#### [PROBLEM DETAILS]
Where a line of the data holds the word "Ford", copy that line.

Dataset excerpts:

-- Opening Marker --

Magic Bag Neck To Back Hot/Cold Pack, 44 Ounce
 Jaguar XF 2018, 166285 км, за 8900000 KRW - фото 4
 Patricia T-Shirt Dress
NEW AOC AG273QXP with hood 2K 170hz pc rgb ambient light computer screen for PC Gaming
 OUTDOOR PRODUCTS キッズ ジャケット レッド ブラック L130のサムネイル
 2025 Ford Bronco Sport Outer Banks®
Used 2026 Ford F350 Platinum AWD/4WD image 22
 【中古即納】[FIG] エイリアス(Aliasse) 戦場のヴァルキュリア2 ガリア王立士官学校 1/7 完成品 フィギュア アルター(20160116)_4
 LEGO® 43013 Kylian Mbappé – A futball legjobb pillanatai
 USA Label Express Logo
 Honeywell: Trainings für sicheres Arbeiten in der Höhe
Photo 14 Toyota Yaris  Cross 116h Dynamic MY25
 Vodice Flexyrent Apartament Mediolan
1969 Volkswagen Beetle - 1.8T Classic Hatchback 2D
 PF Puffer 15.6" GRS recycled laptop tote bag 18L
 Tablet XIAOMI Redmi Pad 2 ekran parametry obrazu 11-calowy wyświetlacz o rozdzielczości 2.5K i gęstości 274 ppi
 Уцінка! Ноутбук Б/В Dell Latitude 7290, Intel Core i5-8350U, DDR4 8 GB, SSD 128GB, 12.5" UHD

-- Closing Marker --

#### [RESPONSE FOR THIS EXERCISE]
 2025 Ford Bronco Sport Outer Banks®
Used 2026 Ford F350 Platinum AWD/4WD image 22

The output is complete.